Politics is the art of the possible.

—Otto von Bismarck, 1867

What, to the American slave, is your Fourth of July? I answer: a day that reveals to him, more than all other days in the year, the gross injustice and cruelty to which he is the constant victim. To him your celebration is a sham.

—Frederick Douglass, 1855

What experience and history teach is this—that nations and governments have never learned anything from history or acted upon any lessons they might have drawn from it.

—Georg Wilhelm Friedrich Hegel, 1830

I shall be an autocrat: that’s my trade.
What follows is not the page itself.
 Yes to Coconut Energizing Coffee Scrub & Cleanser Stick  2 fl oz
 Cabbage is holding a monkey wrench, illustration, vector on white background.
And the good Lord will forgive me: that’s his.

—Catherine the Great, c. 1796

I work for a government I despise for ends I think criminal.
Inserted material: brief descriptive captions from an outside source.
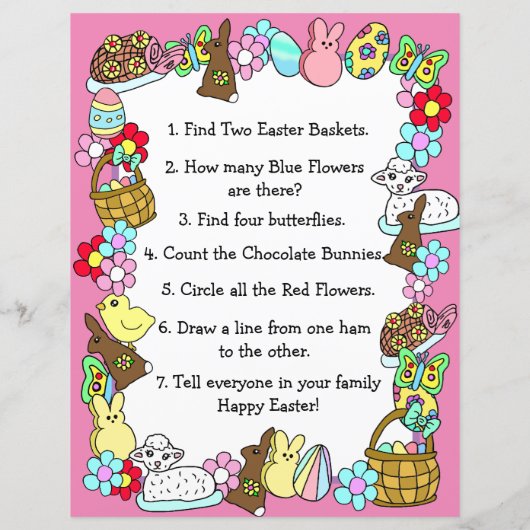 Whimsical Easter Bunny en Poem Kind Letter Game (Achterkant)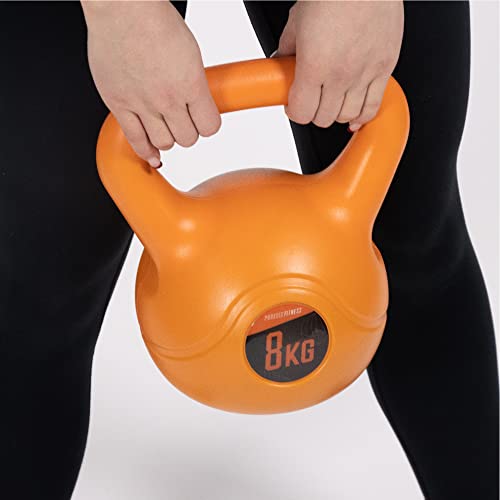 Phoenix Fitness Unisex RY932 Vinyl Kettlebell - Heavy Weight Kettle Bell for Strength and Cardio Training, Orange, 8KG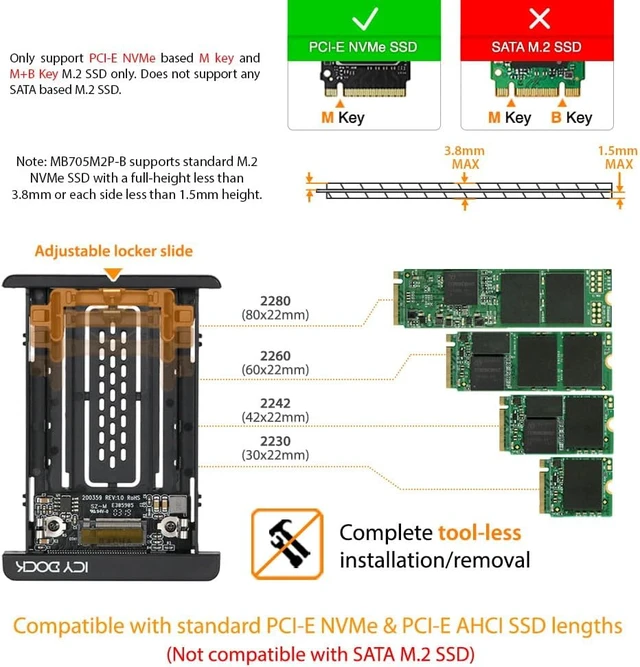 Alt view image 2 of 7 - ICY DOCK M.2 PCIe 3.0/4.0 NVMe SSD to 2.5" U.2 SSD Converter / Mounting Adapter with Heatsink | EZConvert MB705M2P-B
Visit the ICY DOCK Store
4.0 4.0 out of 5 stars (157) | Search this page
Amazon's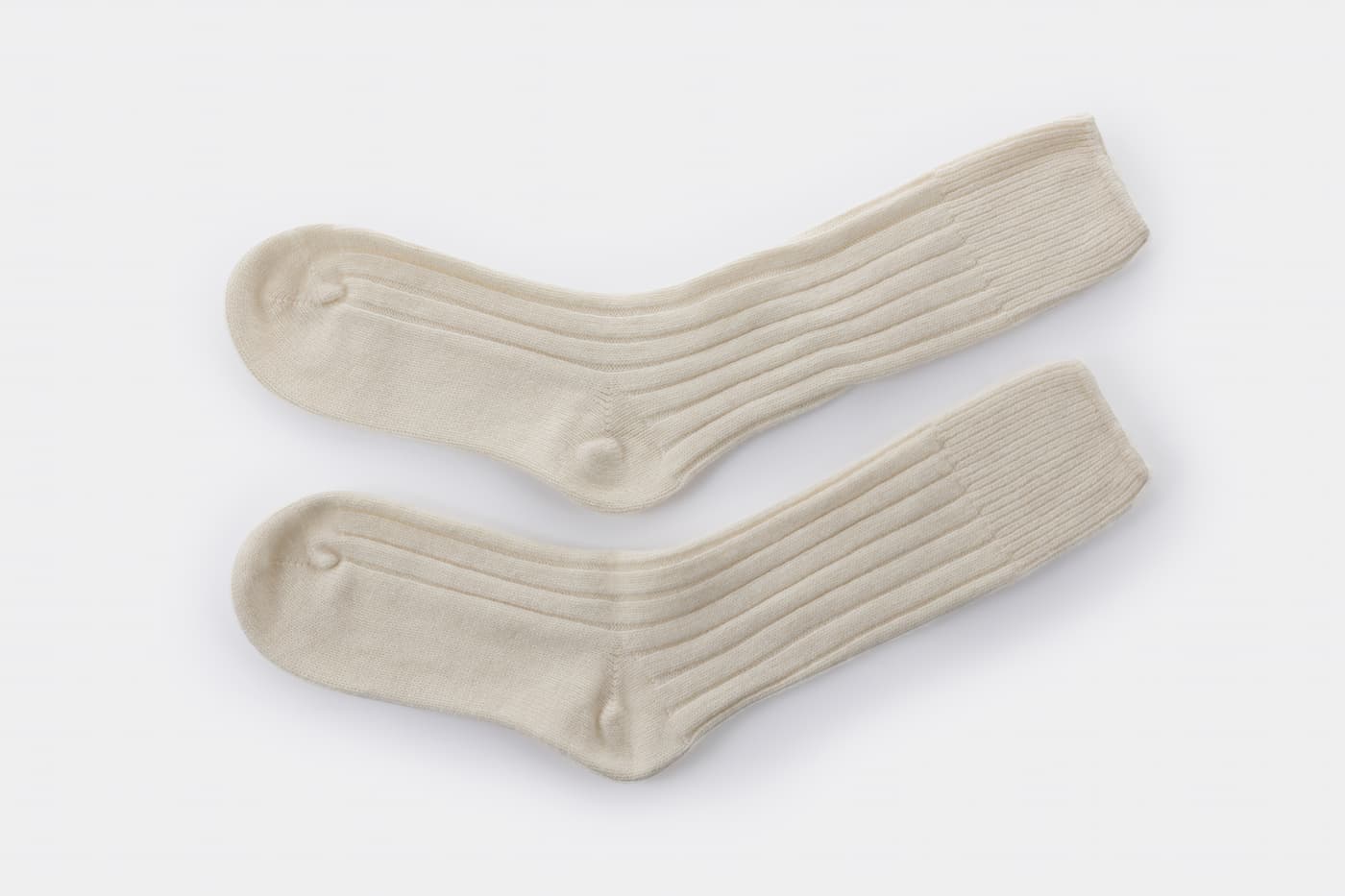 Cream Lambswool Bed Socks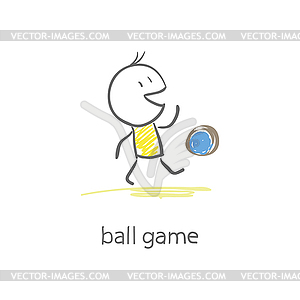 Man plays with ball - vector image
—John Maynard Keynes, 1917

Democracy is the recurrent suspicion that more than half of the people are right more than half of the time.

—E.B. White, 1944

Natural rights is simple nonsense: natural and imprescriptible rights, rhetorical nonsense—nonsense upon stilts.

—Jeremy Bentham, c. 1832

Do that which consists in taking no action, and order will prevail.

—Laozi, c. 500 BC

The affairs of the world are no more than so much trickery, and a man who toils for money or honor or whatever else in deference to the wishes of others, rather than because his own desire or needs lead him to do so, will always be a fool.
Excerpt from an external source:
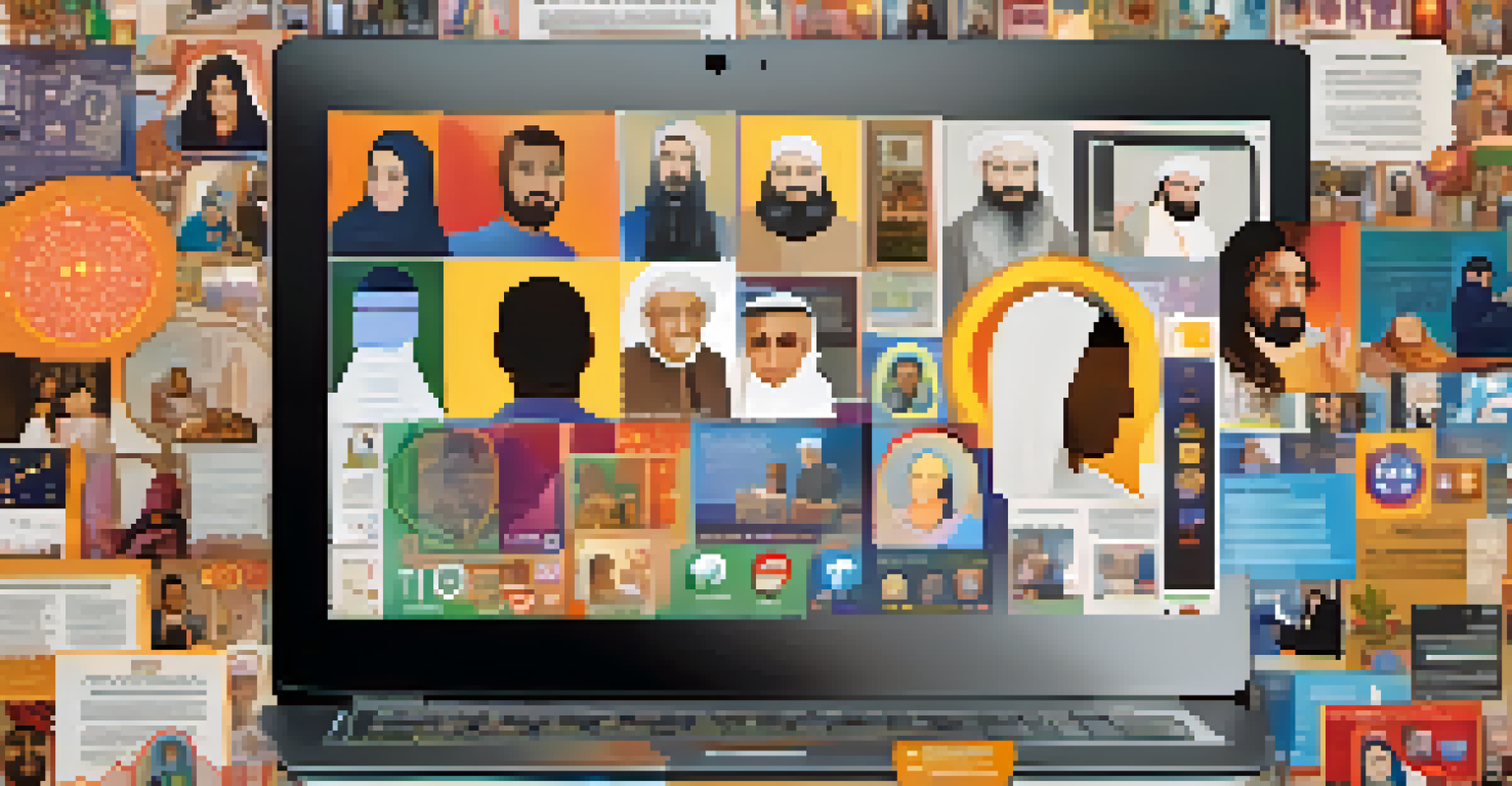 A digital collage showing a laptop screen with a virtual interfaith dialogue, surrounded by religious symbols and social media icons.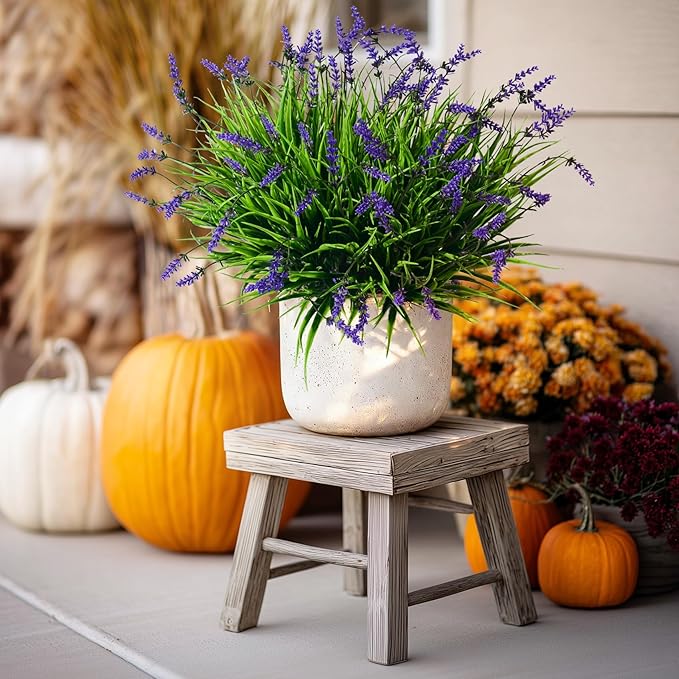 12 Bundles Artificial Lavender Flowers Faux Plants for Outdoor Fake Monkey Grass with Flowers Realistic Faux Greenery Shrubs for Porch Planters Patio Garden Window Boxes Pathway Decor (Purple)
—Johann Wolfgang von Goethe, 1774

No human life, not even the life of a hermit, is possible without a world which directly or indirectly testifies to the presence of other human beings.

—Hannah Arendt, 1958

You have all the characteristics of a popular politician: a horrible voice, bad breeding, and a vulgar manner.

—Aristophanes, c. 424 BC

Envy is the basis of democracy.

—Bertrand Russell, 1930

The most hateful torment for men is to have knowledge of everything but power over nothing.